How to Build a Shelter – Things you must know
Spending a lonely night amidst a cold forest calls for building an instant shelter with the materials in hand to survive the deadly night. Thus, learning survival techniques is an essential requisite for a daring adventurer. Survival is a decision and the techniques involved are meant to offer a fighting chance. Food, clothing and shelter being the 3 basic needs, the last is important on several fronts.
A shelter acts as a shield protecting you from rough weather and wildlife intruders, thus providing psychological comfort. Seeking the best shelter accounts for the following strategies.
• Smaller shelters located near water sources are best to retain heat. Survivor of wreckage should better stay at a visible spot near the wreckage. Natural hazards like dead trees that could fall, cliffs and dry riverbeds could better be avoided.
• A ventilated shelter facilitates fire making inside or near the entrance. Branches and boulders prevent animals from getting in as well as retain heat inside. Sleeping on a pile of grass or pine needles helps maintain body heat. Fir tree branches and snow offer great insulation from the cold. Stacked up heated rocks provide extra warmth.
• Frozen water over thatched roofs act as protective insulator in freezing weather conditions.
• For the rainy season, make cover on flat or sloped land to allow drainage of rainwater, instead of burrowing a hole on the ground and covering with boughs.
• When using caves as shelter, its better to remain close to the mouth.
• Metals should better be avoided for roofs, as they tend to reflect away sun while deflecting the rain and wind.
• To avoid suffocating conditions due to formation of carbon monoxide gas, make sure you turn off the stove or lantern or any fire source inside the shelter.
Alternative shelter options
Since an emergency shelter is required just for survival and not for comfort, so anything could be used as a temporary refuge. While hollow trees could be used as sleeping burrows, an overhang could also prevent you against wind and rain. Dense tree branches act as instant canopy, as logs and rocks help check the wind.
• On hand materials like bits of discarded climbing rope, ripped plastic sheeting, old hiking boot, ponchos, nylon hammocks or parachutes come to best use for building shelters in worst of conditions.
• The basic idea is to spread something above you to serve as a temporary roof. A poncho or any kind of plastic sheeting could be tied to two or four trees to form a canopy. While a lean-to shelter can be made by tying two opposite corners of the poncho to trees leaving the other end to slant diagonally to the ground secured with stick stakes or heavy rocks.

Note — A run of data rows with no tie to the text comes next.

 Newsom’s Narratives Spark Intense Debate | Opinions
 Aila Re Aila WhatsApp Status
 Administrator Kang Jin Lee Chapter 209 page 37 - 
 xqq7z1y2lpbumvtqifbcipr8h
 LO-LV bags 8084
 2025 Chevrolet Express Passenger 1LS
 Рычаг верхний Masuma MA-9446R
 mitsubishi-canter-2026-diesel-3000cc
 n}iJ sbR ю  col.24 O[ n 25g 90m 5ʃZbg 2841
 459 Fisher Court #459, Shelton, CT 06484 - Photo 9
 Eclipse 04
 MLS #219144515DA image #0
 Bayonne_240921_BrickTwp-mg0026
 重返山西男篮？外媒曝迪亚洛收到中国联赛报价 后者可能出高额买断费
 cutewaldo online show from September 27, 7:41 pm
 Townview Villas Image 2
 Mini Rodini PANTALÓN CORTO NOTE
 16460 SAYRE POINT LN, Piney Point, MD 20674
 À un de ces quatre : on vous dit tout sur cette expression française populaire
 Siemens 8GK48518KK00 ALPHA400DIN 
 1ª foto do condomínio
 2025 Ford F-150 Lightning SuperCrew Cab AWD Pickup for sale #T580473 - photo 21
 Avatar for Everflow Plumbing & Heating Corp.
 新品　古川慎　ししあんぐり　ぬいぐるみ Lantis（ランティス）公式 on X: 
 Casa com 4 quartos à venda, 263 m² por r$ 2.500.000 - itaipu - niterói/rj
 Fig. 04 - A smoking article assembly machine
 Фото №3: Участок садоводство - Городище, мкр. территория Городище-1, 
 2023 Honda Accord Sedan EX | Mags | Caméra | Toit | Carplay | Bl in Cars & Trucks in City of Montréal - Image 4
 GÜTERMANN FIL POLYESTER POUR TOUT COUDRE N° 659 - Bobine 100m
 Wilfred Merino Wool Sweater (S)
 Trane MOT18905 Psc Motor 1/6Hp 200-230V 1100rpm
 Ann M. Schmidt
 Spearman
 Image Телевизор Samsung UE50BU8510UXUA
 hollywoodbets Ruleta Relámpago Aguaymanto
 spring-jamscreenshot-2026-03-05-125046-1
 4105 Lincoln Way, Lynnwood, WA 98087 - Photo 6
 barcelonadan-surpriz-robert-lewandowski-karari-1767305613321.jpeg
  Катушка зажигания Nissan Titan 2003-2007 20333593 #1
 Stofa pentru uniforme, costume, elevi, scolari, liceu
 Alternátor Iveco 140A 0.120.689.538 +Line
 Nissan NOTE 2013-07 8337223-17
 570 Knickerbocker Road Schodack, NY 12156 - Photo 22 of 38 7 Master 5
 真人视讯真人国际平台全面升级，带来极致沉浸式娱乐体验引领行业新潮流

• A tent shaped shelter may be built by running rope down the center of the poncho between two trees and staking the sides into the ground with sharp sticks to create an A-frame. A one-person tent may be built from tree branches without even using rope. The prime concept is to make a frame and then wrap a cover overhead and to the sides.
• Hanging cots could also be created by rolling sturdy branches into the sheet like a long scroll, leaving some exposed wood at each end, while lashing the cot to four trees a few feet above the ground. Added overhead covers give shape to an elevated platform.
Field Expedient Shelters are shelters built employing the same techniques, except for the roof that is built by branches and thickets in slanting manner for insulation and drainage of rainwater. It built by using Field Expedient tools when there is nothing else at hand. Well-insulated and easy to build huts are known as debris huts, while those built with evergreen tress amidst snow are called tree-pit snow shelters.
However, the most important thing is to remain calm and in control during emergency situations. Basic shelters are easy to construct and essential for surviving the harsh elements of nature.